'''

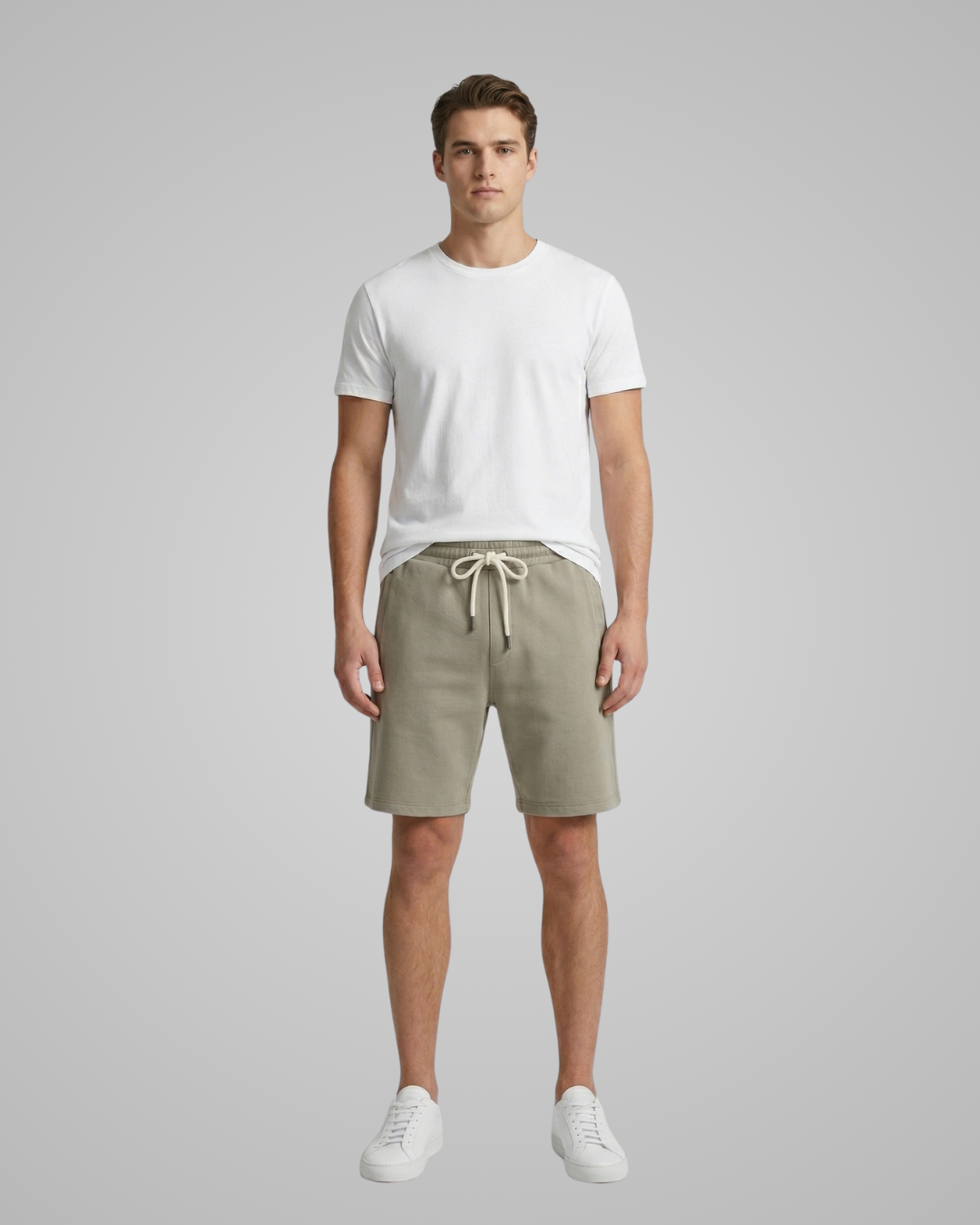 Man wearing a white t-shirt and beige shorts on a gray background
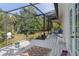 Inviting screened porch with white decor and an enchanting view of the property's lush yard at 4888 Old Ranch Rd, Sarasota, FL 34241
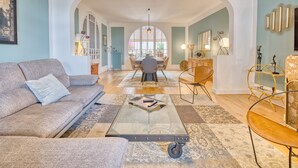 A spacious living room with a sofa, coffee table, and chairs, an archway leading to a dining area, and a view through the archway. - Guest House 'La Chambre Bleue' with Shared Terrace, Shared Garden and Wi-Fi (Eymet)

'''

Drop the images and return the data verbatim.

 Man wearing a white t-shirt and beige shorts on a gray background
 Inviting screened porch with white decor and an enchanting view of the property's lush yard at 4888 Old Ranch Rd, Sarasota, FL 34241
 A spacious living room with a sofa, coffee table, and chairs, an archway leading to a dining area, and a view through the archway. - Guest House 'La Chambre Bleue' with Shared Terrace, Shared Garden and Wi-Fi (Eymet)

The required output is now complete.